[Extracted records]
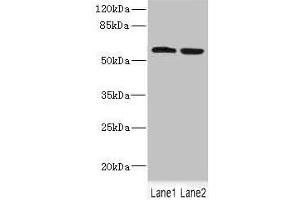 Western blot All lanes: FTCD antibody at 5. (FTCD Antikörper  (AA 412-541))
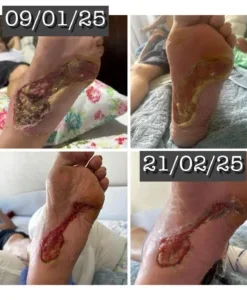 Resultado de tratamento de ferida
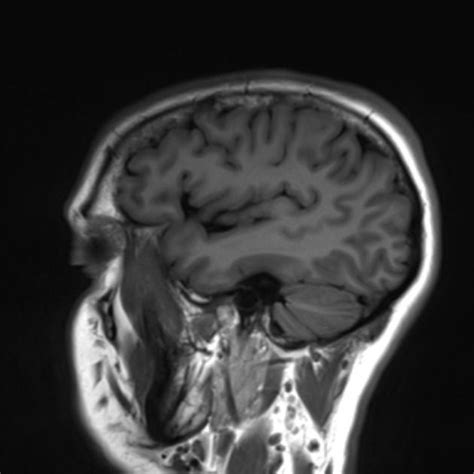 normal brain mri radiology case radiopaediaorg mri mri brain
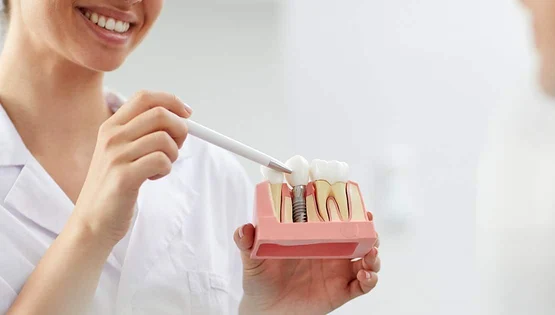 implant jpg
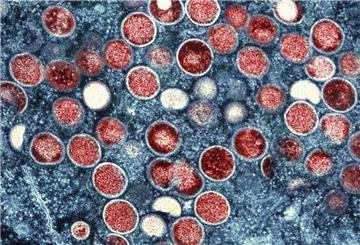 In Deutschland wurde erstmals die neue Mpox-Variante Klade Ib bestätigt. Laut RKI besteht keine erhöhte Gefahr.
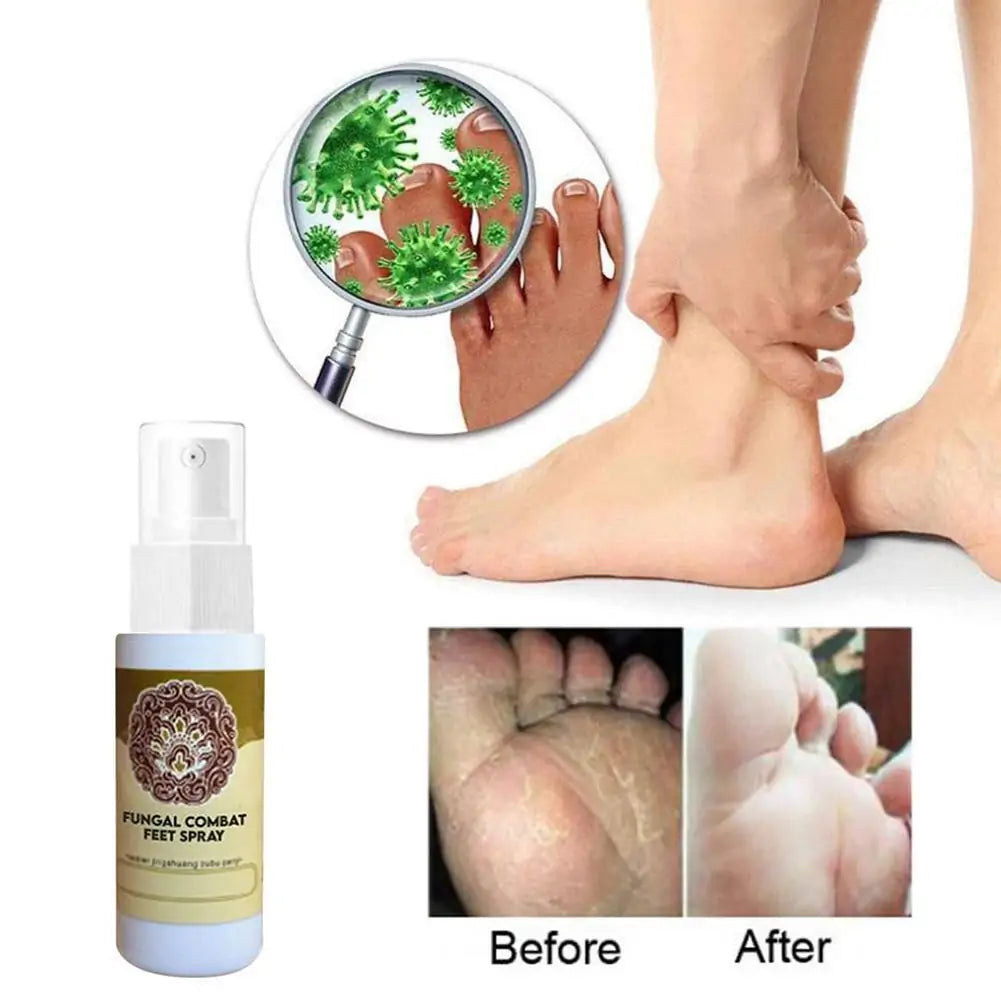 FungaRelief - AntiFungal Foot And Shoe Spray
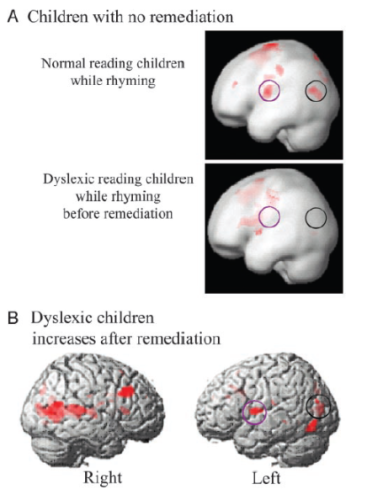 Neuroeducación: estrategias basadas en el funcionamiento del cerebro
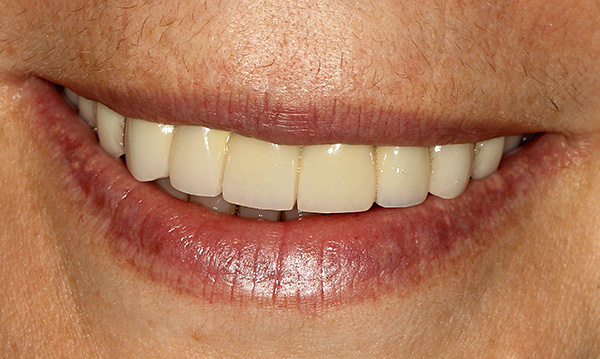 Las dentaduras removibles de alta calidad le permiten restaurar la función de masticación y la belleza de una sonrisa.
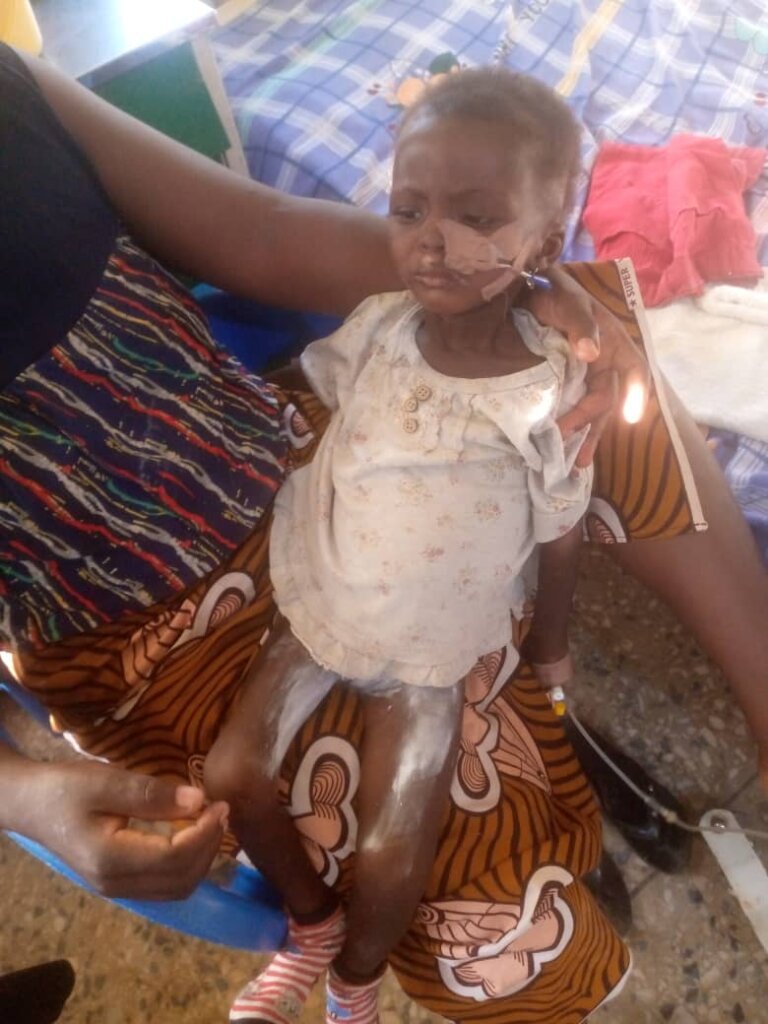 Combat Malnutrition in Nigeria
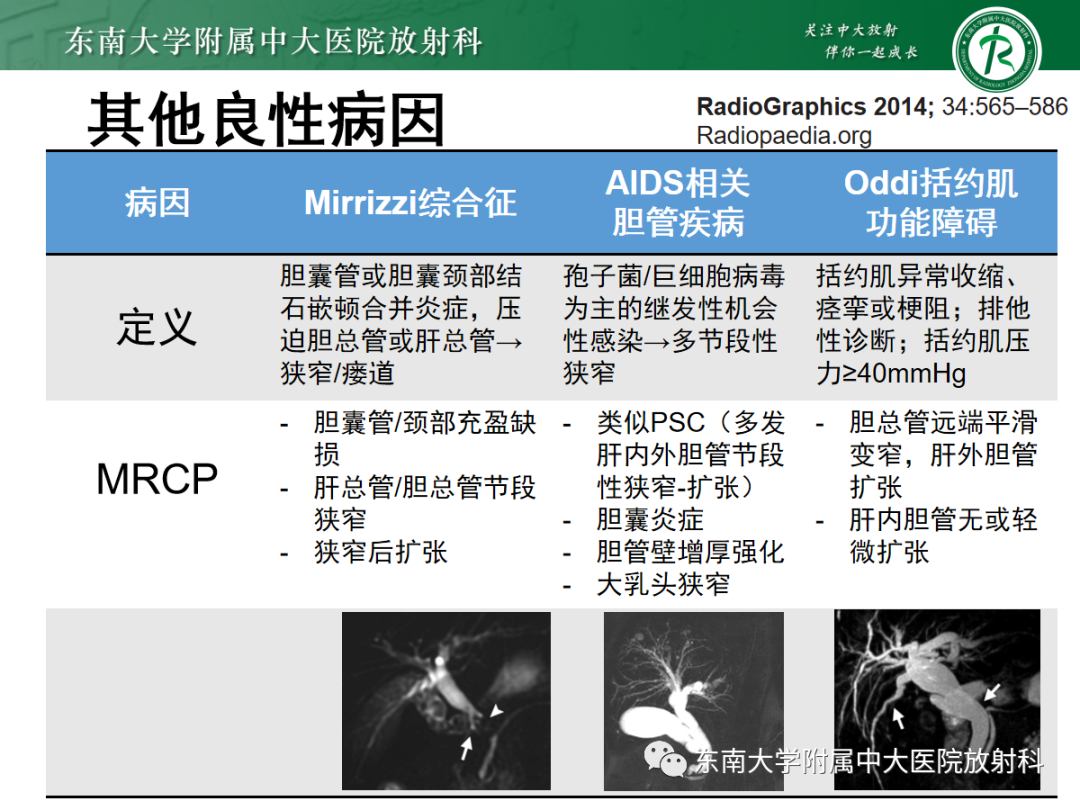 影像PPT - 【病例】胆管狭窄3例X线CT及MR病例随访-37 影像PPT - 【病例】胆管狭窄3例X线CT及MR病例随访-37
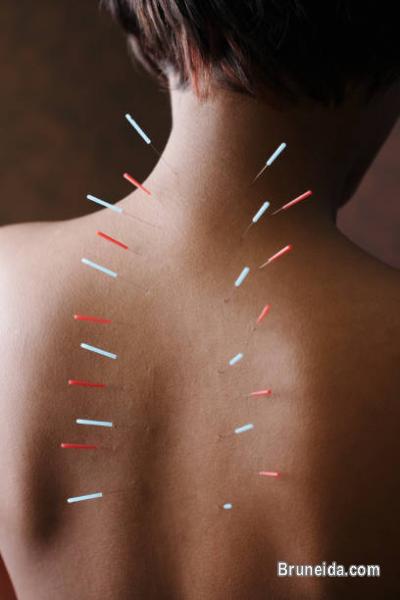ACCUPUNCTURE AND HOMEPOTHY HEALTH CENTRE 8608625 - image 2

WHAT TO PRODUCE
Your task is to repeat, word for word and with no picture, every line from the one that contains "影像PPT - 【病例】胆管狭窄3例X线CT及MR病例随访-37 影像PPT" through the last line of the data.

EXERCISE RESPONSE
 影像PPT - 【病例】胆管狭窄3例X线CT及MR病例随访-37 影像PPT - 【病例】胆管狭窄3例X线CT及MR病例随访-37
ACCUPUNCTURE AND HOMEPOTHY HEALTH CENTRE 8608625 - image 2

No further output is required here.